In another late 2012 ruling, Pirozzi v. Apple, a federal trial court similarly dismissed plaintiffs’ privacy-related claims for lack of standing. According to the complaint, Apple allegedly violated federal, state, and common laws by failing to prevent third-party applications sold on its App Store from uploading user information from mobile devices. The alleged injury here?  First, Apple “misled” the plaintiffs into buying Apple mobile devices by falsely claiming their devices were “safe and secure.” As a result, plaintiffs’ information is at greater risk of being misappropriated.

On the first claim, the court agreed that bearing such a financial cost would constitute an injury, but only if the plaintiffs could show which particular statements of device safety they relied upon. Their complaint provided no such information. On the second claim, the court cited to the growing list of precedents which relate that mere “fear” of misappropriation of personal information is insufficient to establish standing to sue.
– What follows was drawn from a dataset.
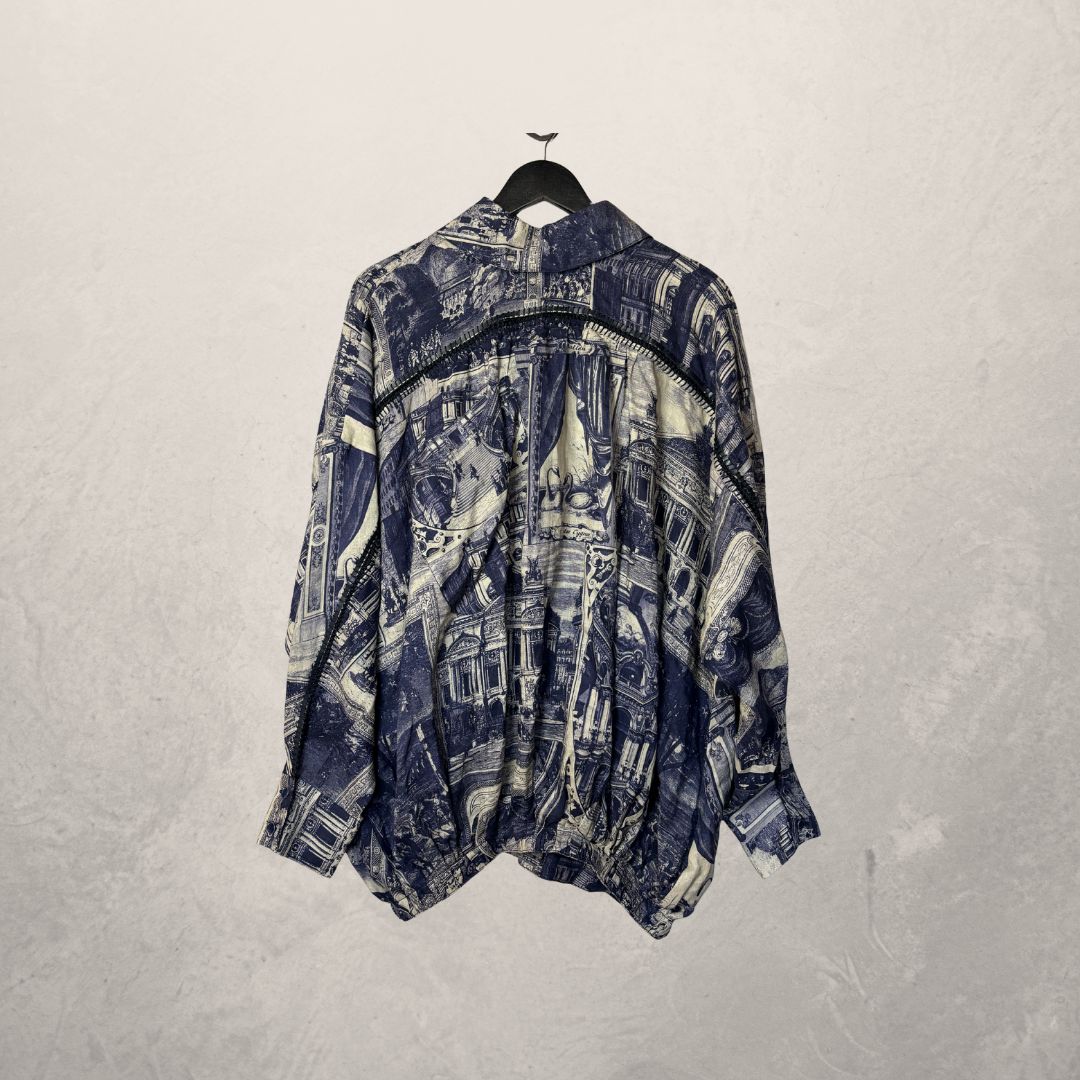 Acne Studios blue vintage print oversized blouse M/L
It’s unlikely we’ve heard the last of these cases, however, since both judges allowed the plaintiffs to amend and refile their complaints. No doubt the lawyers will continue the “throw lots of spaghetti against the wall” approach common to class actions, and hope some allegations stick. Such tactics waste precious judicial resources and divert companies’ attention and money from pro-consumer innovation and growth.

What’s worse, as Santa Clara University law professor Eric Goldman argued in a superb Working Paper last year, online privacy advocates should abhor class action litigation, as they utilize the same tactics those advocates despise. As he argues, class actions: (1) are typically opt-out, rather than opt-in; (2) provide plaintiffs with little meaningful notice or control; and (3) are gamed by lawyers who maximize their own financial interests over the interests of the class.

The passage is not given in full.